*Data excerpts*

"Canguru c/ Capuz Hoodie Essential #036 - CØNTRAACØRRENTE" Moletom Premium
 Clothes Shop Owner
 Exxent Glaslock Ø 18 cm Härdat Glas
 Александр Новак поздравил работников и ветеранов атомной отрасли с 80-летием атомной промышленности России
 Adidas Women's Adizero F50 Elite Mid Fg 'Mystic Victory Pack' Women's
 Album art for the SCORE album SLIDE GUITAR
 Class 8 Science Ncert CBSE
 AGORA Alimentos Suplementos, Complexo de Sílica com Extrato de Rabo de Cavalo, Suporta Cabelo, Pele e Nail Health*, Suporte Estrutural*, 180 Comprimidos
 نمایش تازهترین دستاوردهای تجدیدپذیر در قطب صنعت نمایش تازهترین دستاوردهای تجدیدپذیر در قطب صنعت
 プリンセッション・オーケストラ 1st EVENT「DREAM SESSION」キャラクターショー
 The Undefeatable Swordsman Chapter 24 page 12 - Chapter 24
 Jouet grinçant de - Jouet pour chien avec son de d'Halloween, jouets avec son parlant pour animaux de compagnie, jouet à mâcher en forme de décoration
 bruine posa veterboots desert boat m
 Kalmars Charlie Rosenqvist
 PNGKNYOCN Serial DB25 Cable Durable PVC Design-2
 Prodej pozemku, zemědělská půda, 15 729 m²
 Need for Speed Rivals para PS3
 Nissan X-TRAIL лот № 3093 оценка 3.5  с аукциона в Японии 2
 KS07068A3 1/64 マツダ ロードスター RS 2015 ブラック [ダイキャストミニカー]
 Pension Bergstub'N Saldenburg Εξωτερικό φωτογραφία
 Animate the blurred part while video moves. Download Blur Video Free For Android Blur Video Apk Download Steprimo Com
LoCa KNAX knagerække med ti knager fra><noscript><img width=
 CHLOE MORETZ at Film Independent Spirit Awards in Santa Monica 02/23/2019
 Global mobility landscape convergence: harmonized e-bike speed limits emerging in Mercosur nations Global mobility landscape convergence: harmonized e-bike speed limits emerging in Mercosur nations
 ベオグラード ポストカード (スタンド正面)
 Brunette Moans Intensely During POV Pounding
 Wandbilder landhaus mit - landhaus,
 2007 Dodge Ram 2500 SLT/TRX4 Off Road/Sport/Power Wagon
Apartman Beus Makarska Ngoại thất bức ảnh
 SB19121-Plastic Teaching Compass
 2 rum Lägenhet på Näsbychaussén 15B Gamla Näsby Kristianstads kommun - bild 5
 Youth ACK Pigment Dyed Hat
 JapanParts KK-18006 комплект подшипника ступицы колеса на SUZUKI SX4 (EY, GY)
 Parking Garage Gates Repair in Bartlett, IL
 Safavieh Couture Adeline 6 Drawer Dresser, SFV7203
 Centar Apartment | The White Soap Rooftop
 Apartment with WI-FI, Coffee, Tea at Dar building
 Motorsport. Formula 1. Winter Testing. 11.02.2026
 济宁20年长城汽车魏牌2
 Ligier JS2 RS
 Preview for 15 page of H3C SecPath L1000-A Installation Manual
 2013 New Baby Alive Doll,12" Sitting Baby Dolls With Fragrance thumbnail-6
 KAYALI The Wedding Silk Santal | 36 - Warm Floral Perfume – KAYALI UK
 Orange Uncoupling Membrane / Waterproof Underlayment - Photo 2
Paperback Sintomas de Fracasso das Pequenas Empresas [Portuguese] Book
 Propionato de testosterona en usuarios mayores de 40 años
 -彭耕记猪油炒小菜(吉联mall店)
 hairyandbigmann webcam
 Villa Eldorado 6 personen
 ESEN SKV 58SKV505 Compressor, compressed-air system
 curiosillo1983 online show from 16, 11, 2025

*What the task requires*
Take the listing above and repeat exactly the lines from the one containing "2013 New Baby" through the one containing "ESEN SKV 58SKV505", both included.

*Completed exercise*
 2013 New Baby Alive Doll,12" Sitting Baby Dolls With Fragrance thumbnail-6
 KAYALI The Wedding Silk Santal | 36 - Warm Floral Perfume – KAYALI UK
 Orange Uncoupling Membrane / Waterproof Underlayment - Photo 2
Paperback Sintomas de Fracasso das Pequenas Empresas [Portuguese] Book
 Propionato de testosterona en usuarios mayores de 40 años
 -彭耕记猪油炒小菜(吉联mall店)
 hairyandbigmann webcam
 Villa Eldorado 6 personen
 ESEN SKV 58SKV505 Compressor, compressed-air system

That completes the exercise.